WHAT YOU NEED TO DO:
All of the data is to be printed exactly, though the images must be left off.

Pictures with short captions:
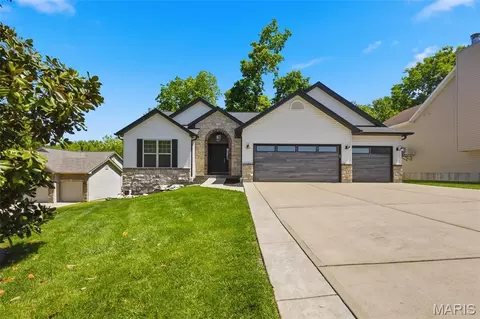 Exterior - 1128 Patsy Ln, O'fallon, MO 63366 photo 2 of 13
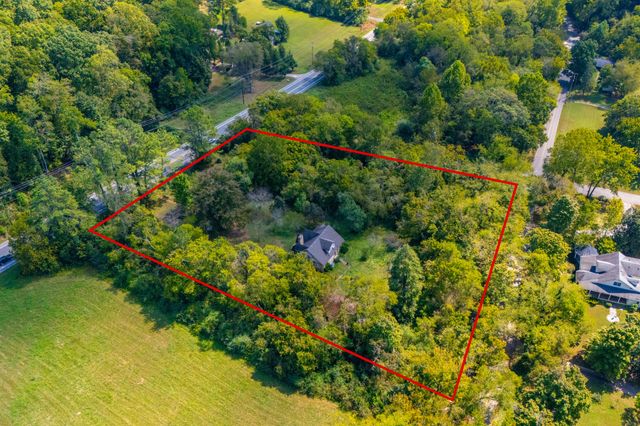 5111 Clarksville Hwy, Whites Creek, TN 37189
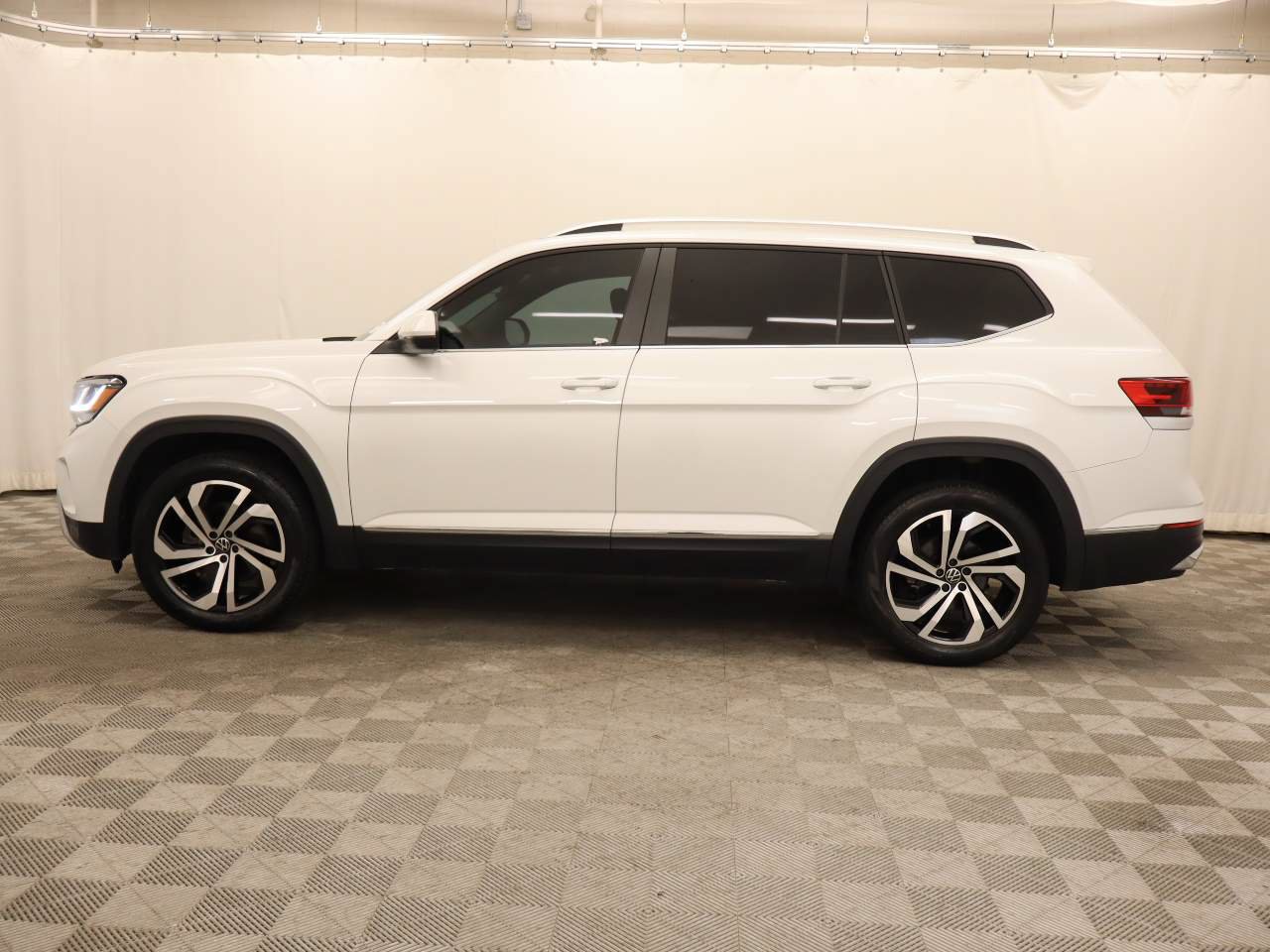 Used 2023 Volkswagen Atlas SEL AWD/4WD image 2
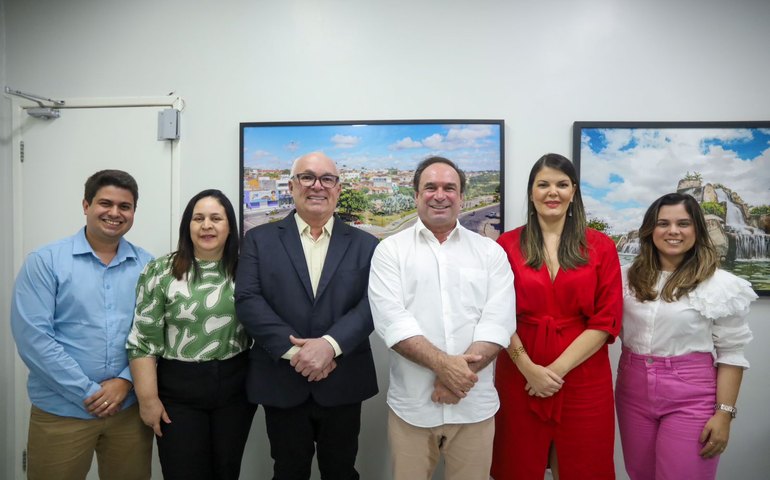 Prefeito Luciano dá posse a novos secretários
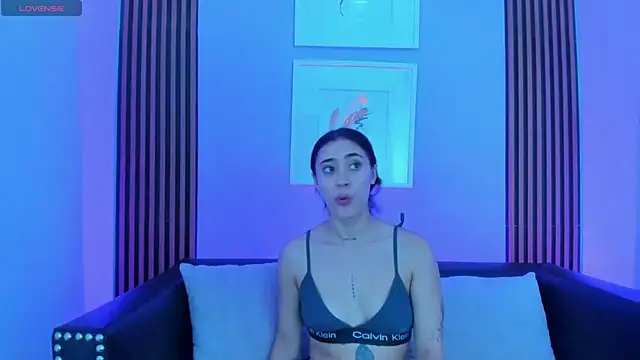 Snapshot of Ariana_collinss chatting on 06/05/26, 02:01 Ariana collinss online show from 06/05/26, 02:01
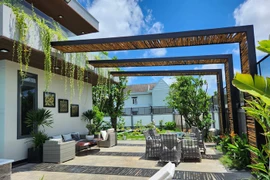 Tận mục biệt thự 35 tỷ của ca sĩ Quách Thành Danh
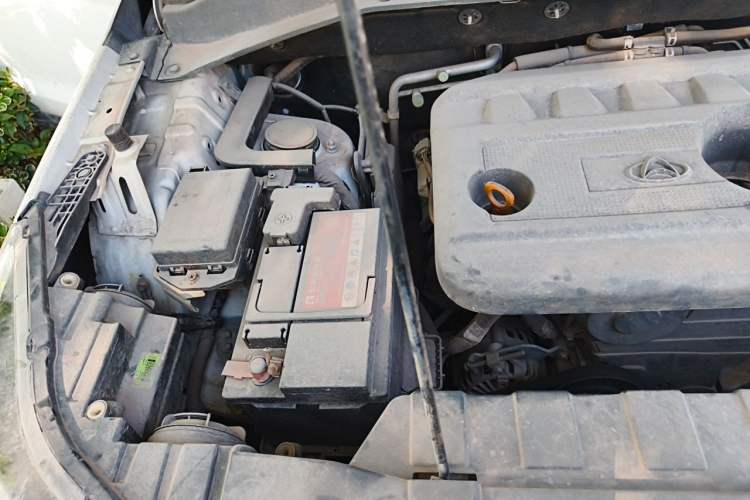 Used CHANGAN OSHAN CX70 2016 1.6L Manual Luxury Model Engine Bay Right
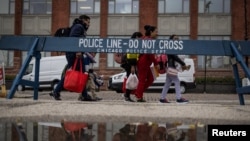 Мигранты из Колумбии в Чикаго, США, 25 октября 2023 года
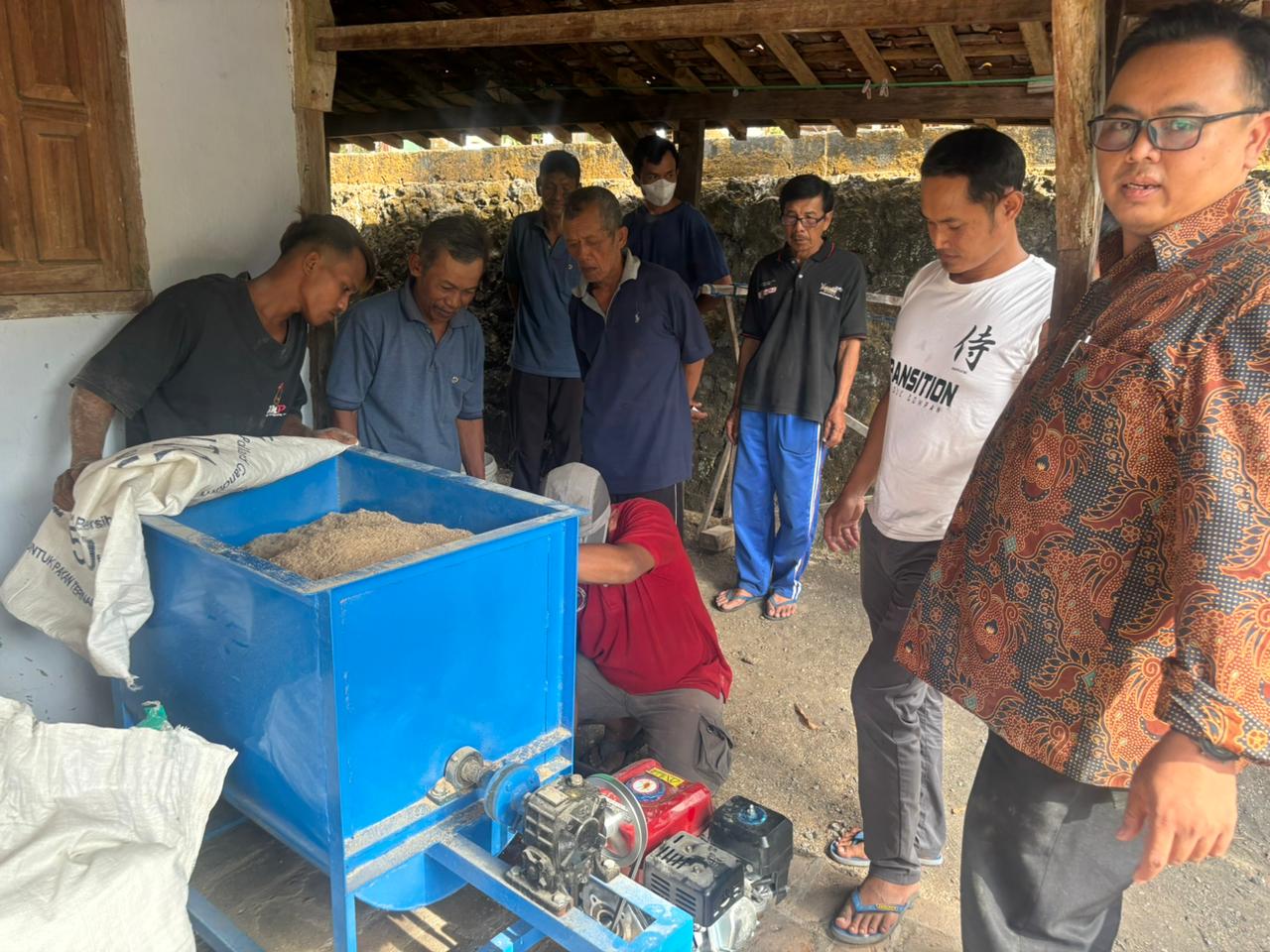 Harga Pakan Tinggi, Dosen AKN Putra Sang Fajar Blitar Ciptakan Alternatif Pakan Berbahan Onggok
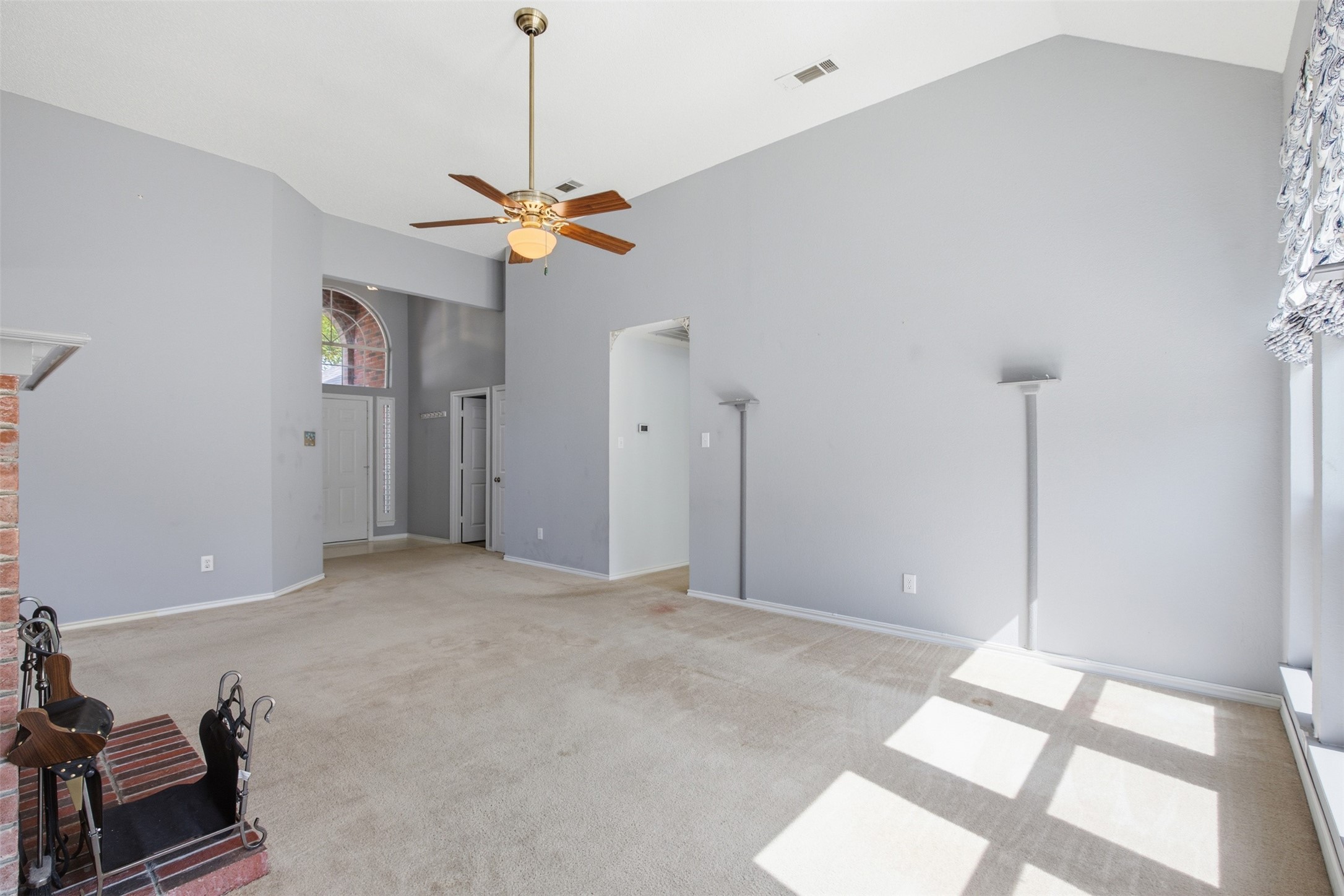 140 Woodcreek Drive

RESPONSE TO THE EXERCISE:
 Exterior - 1128 Patsy Ln, O'fallon, MO 63366 photo 2 of 13
 5111 Clarksville Hwy, Whites Creek, TN 37189
 Used 2023 Volkswagen Atlas SEL AWD/4WD image 2
 Prefeito Luciano dá posse a novos secretários
 Snapshot of Ariana_collinss chatting on 06/05/26, 02:01 Ariana collinss online show from 06/05/26, 02:01
 Tận mục biệt thự 35 tỷ của ca sĩ Quách Thành Danh
 Used CHANGAN OSHAN CX70 2016 1.6L Manual Luxury Model Engine Bay Right
 Мигранты из Колумбии в Чикаго, США, 25 октября 2023 года
 Harga Pakan Tinggi, Dosen AKN Putra Sang Fajar Blitar Ciptakan Alternatif Pakan Berbahan Onggok
 140 Woodcreek Drive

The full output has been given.